» **The data**:
▼
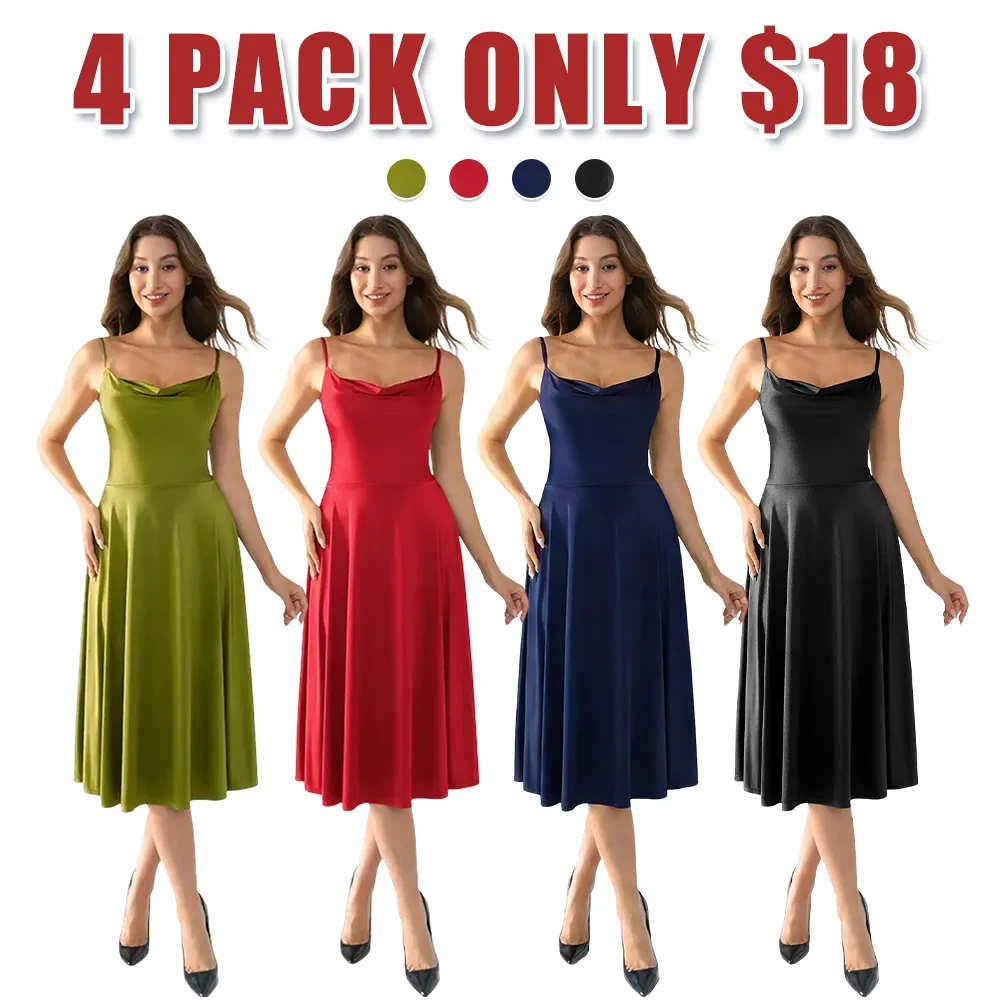 Satin Midi Slip Dress with Cowl Neck and Flared Hem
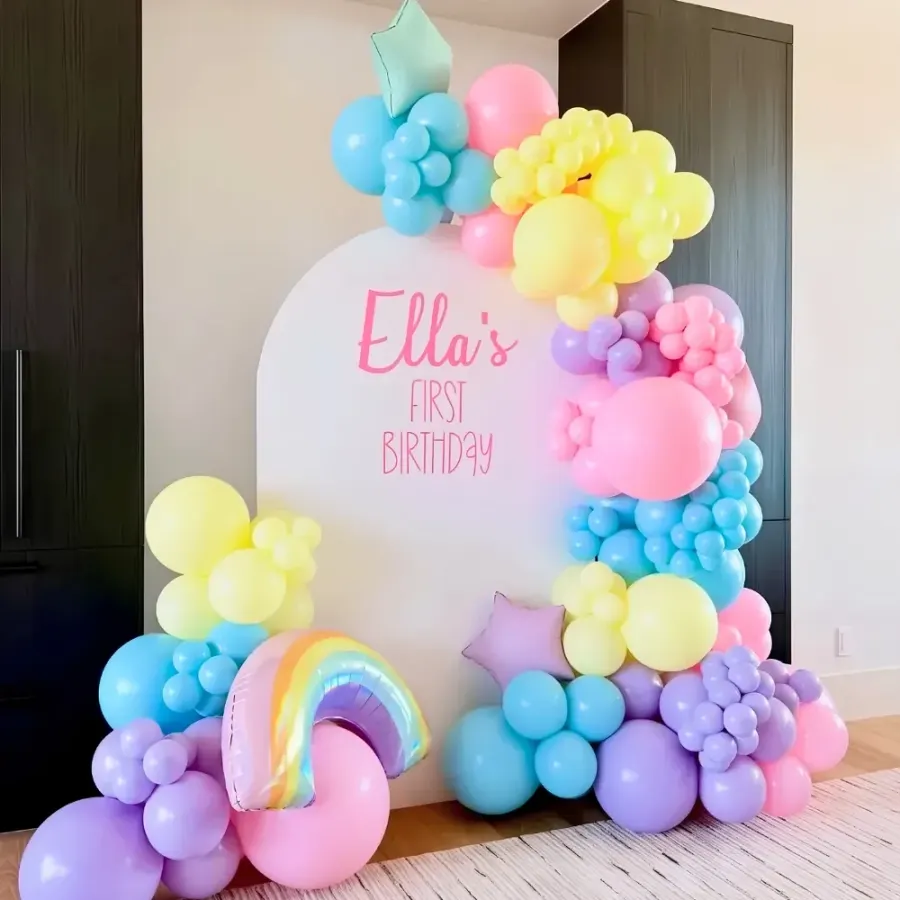 Colourful Rainbow First Birthday Decoration — decoration setup in Pune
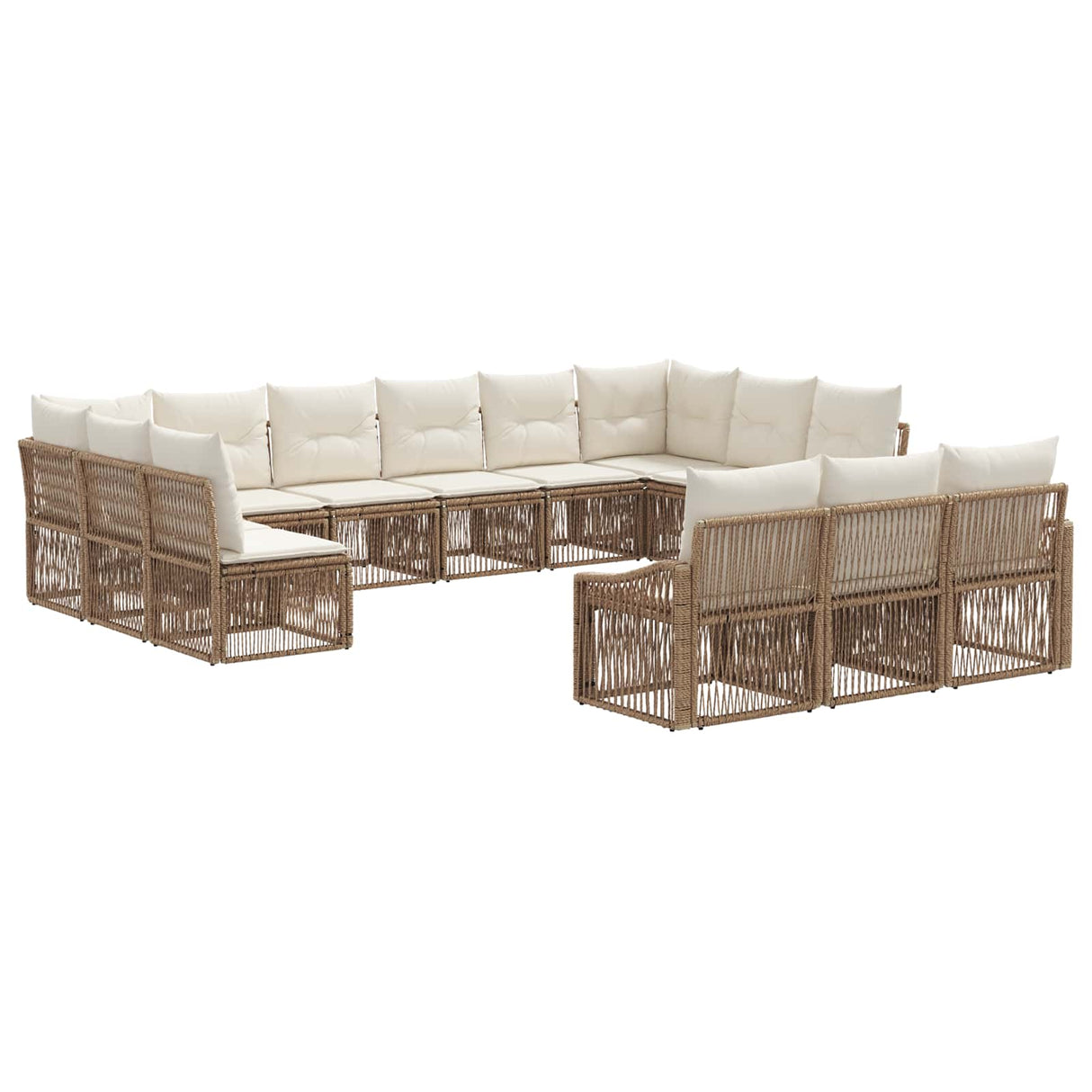 vidaXL Tuinbank Set 14 pcs Zwart poly rattan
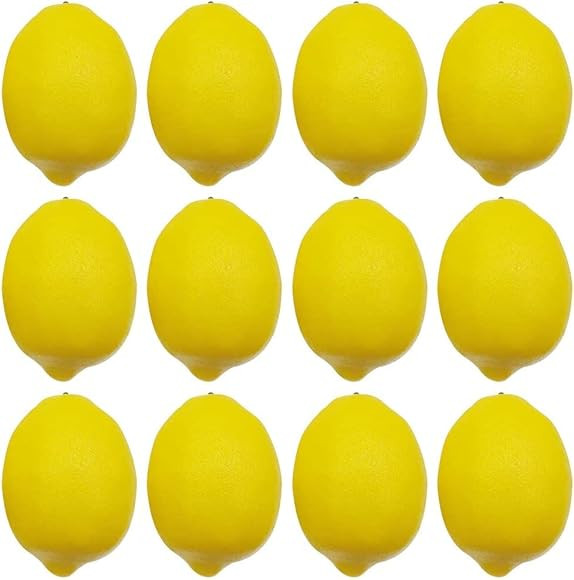 BigOtters Artificial Lemons, 3.7" x 2.5" Big Size Vivid Faux Lemon Plastic Fake Yellow Lemons for... | Amazon (US)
▲
» **What is expected**: Beginning with the line that contains "vidaXL Tuinbank Set 14 pcs Zwart poly rattan", output each line of the material above through the last one exactly as it stands. Do not include the pictures.

» **Response to this exercise**:
 vidaXL Tuinbank Set 14 pcs Zwart poly rattan
 BigOtters Artificial Lemons, 3.7" x 2.5" Big Size Vivid Faux Lemon Plastic Fake Yellow Lemons for... | Amazon (US)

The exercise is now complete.